By “community,” he means the Timken team, as well as customers. “When we go to market with somebody, we mean it,” he says. “We partner with our customers deeply.”

Denny remembers being introduced to his first Timken aerospace customer. “I asked him for some perspective on how our two companies work together,” he says. “He looked at me and said, ‘We’ve been in space flight together for as long as … as long as the U. S. has been in space.’”

“That’s a relationship I could understand,” he says.

Aerospace projects often take shape as long-term endeavors with an 8- to 10-year development cycle. “Projects that make it to production represent a long life cycle of product support opportunities,” says Denny. To add to Timken’s aerospace aftermarket capabilities, the company purchased Bearing Inspection Inc. (BII) in 2005. BII has been selling bearing inspection, reconditioning, and engineering services to the aerospace industry for more than 60 years.

Once a craft is in production, it can see decades of service. “The oldest commercial plane is a Boeing 737, made in 1970,” says Denny. “That plane is approaching 50 years of flying three to four times a day, which represents nothing less than an engineering marvel to me.”

It’s not only planes that need occasional service, however. In May 2009, astronauts embarked on a spacewalk—with mini power tools in hand—to make delicate repairs to the Hubble Space Telescope . Timken engineers helped develop the tools using a custom thin-section precision ball bearing that could withstand the extreme operating temperatures and vacuum of space. Today, the nearly 30-year-old telescope continues to send secrets of the universe back to Earth.



The Jetsons’ Orbit City : A reality in our lifetime?

Of course, most of the objects humans have launched out to space over the past sixty years orbit Earth without fanfare and make our daily lives easier in completely practical ways. “Timken has worked on GPS systems for a very long time,” says Denny. “We make very precise, long-lasting bearings that go into the gyroscopic stabilizers for many satellites.”

“I’m always amazed at how big an impact GPS has on so many facets of life,” he says. “Now, when you think about flying drone taxis, I’m sure GPS will be a major contributor to that.”

Wait … flying taxis?

Yes, Denny says, it’s safe to say Timken is engaging in the early stages with customers who are developing Jetson-like flying drones.

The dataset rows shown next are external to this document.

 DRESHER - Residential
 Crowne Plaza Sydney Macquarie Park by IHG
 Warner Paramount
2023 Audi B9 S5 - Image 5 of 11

One day soon, they might make it possible for cities to grow upward as well as sideways.

“It’s fascinating, because I don’t know what’s going to happen first—a viable drone taxi, or the infrastructure to support it,” he says. Flying taxis would require ground-based radar systems, regulations, and support. “When we look at megacity crowding and the need for safe, efficient travel, we all have far more to do,” he says.



The Bell Nexus flying taxi incorporates electric hybrid propulsion systems turning a 45-minute drive into a 10-minute flight.

Huge growth awaits

Whatever form the future of aerospace takes, Denny sees it as a continuing, positive force—bringing people together across cultures and space to learn from each other.

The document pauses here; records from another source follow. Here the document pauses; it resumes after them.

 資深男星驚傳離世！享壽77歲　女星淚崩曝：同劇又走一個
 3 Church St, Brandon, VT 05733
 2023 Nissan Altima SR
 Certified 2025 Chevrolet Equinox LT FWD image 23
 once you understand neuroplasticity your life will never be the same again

“Huge growth awaits us,” he says. Boeing and Airbus expect to build over 44,000 planes in the next two decades, while Commercial Aircraft Corp. of China (Comac) is on the rise and will be delivering new commercial planes to China’s market in the same time period.

“That growth will change people’s experience of the world—how well they understand how small the world is, and how similar we all really are,” says Denny.

He looks forward to working with Timken customers as they imagine, develop, and produce the flying machines of the 21st century. “We’re here to be partners throughout the process, to help lift their products up, and to make the difficult seem very easy,” he says.

“Whatever is the heaviest, the fastest, the first, the best—that’s where we excel. That’s why we’ve been successful for so long.”